Le parquet fédéral belge a annoncé ces arrestations sans identifier les suspects, leur nationalité, ni nommer le pays sur lequel pèsent ces soupçons de corruption au sein d'une des grandes institutions de l'UE. Mais une source proche du dossier a confirmé à l'AFP les informations de presse selon lesquelles c'est le Qatar qui est visé, tandis que les personnes interpellées sont italiennes ou d'origine italienne.
Au coeur de l'enquête, pilotée par un juge d'instruction bruxellois: les agissements de ce pays du Golfe soupçonné d'«influencer les décisions économiques et politiques du Parlement européen, en versant des sommes d'argent conséquentes ou en offrant des cadeaux importants», a souligné le parquet fédéral.
Corruption, blanchiment d'argent
Quant aux bénéficiaires, il s'agit de personnalités ayant «une position politique et/ou stratégique significative» au sein du Parlement. L'enquête vise entre autres des faits de «corruption» et de «blanchiment d'argent» en bande organisée, précise encore un communiqué du parquet.
D'après le quotidien francophone Le Soir et l'hebdomadaire flamand Knack, qui ont enquêté conjointement, l'ex-eurodéputé soupçonné est le socialiste italien Pier-Antonio Panzeri, qui siégea dans cette assemblée de 2004 à 2019.

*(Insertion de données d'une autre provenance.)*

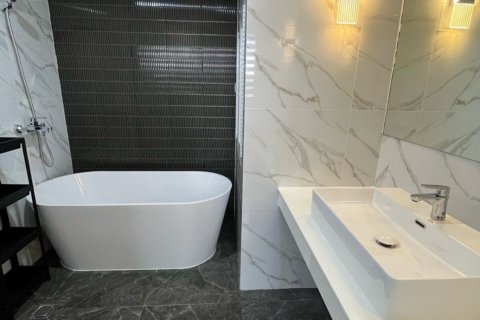 Condo à Watthana, Bangkok, Thaïlande, 2 chambres  № 167165 - photo 4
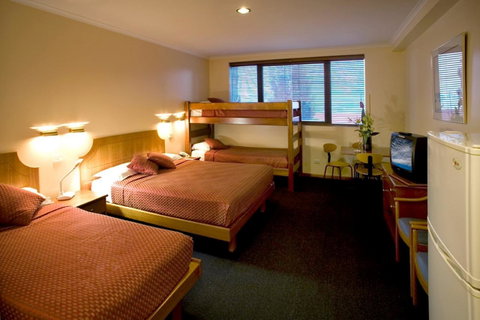 Madison Capital Executive Apartments - Accommodation Cairns 4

Cet homme de 67 ans, aujourd'hui à la tête d'une association de lutte contre les violations des droits humains (baptisée Fight Impunity), a été interpellé à Bruxelles en même temps que trois autres suspects. Sollicitée par l'AFP, l'association n'a pas donné suite immédiatement.
Selon le parquet fédéral, l'opération de police a donné lieu à seize perquisitions au total dans diverses communes de la capitale belge, où le Parlement européen a son siège.
600'000 euros en liquide
Au cours de l'opération, la police a mis la main sur «environ 600'000 euros en liquide», ainsi que «du matériel informatique et des téléphones portables» dont les contenus seront analysés.
«Cette opération visait en particulier des assistants parlementaires travaillant au sein du Parlement européen», a poursuivi le parquet fédéral, compétent en Belgique dans les dossiers de terrorisme et de criminalité organisée.
Les cadeaux ou avantages offerts pourraient être liés à la volonté du Qatar d'améliorer sa réputation décriée en matière de droits humains et de traitement des travailleurs.
D'après les informations du Soir et de Knack, le secrétaire général de la Confédération syndicale internationale (CSI, ou Ituc en anglais), l'Italien Luca Visentini, compte parmi les personnes arrêtées, avec Pier-Antonio Panzeri ainsi qu'un assistant parlementaire et un directeur d'ONG.
Dans un message très succinct sur son site, la CSI s'est dite «au courant des informations circulant dans la presse», mais a refusé tout commentaire «à ce stade».
Le Qatar sous une mauvaise lumière
Luca Visentini évoquait encore cette semaine la situation des travailleurs au Qatar, dans un entretien diffusé vendredi par l'AFP. Il appelait en particulier à «continuer de faire pression sur les autorités et les employeurs» pour de meilleures rémunérations et davantage de mobilité dans le travail.
Le Qatar, pays organisateur du Mondial-2022 de football, qui s'achève dans une dizaine de jours, a été accusé par des ONG de négliger les conditions de travail et de vie de ses centaines de milliers de travailleurs migrants venus d'Asie et d'Afrique.
En réponse, Doha a fait valoir des réformes inédites du code de travail, saluées par des organisations syndicales, qui appellent néanmoins à une application plus rigoureuse.
Par ailleurs, la justice française enquête depuis trois ans sur des soupçons de corruption lors d'un déjeuner franco-qatari à l'Elysée fin 2010 qui aurait influencé l'attribution du Mondial-2022 au Qatar.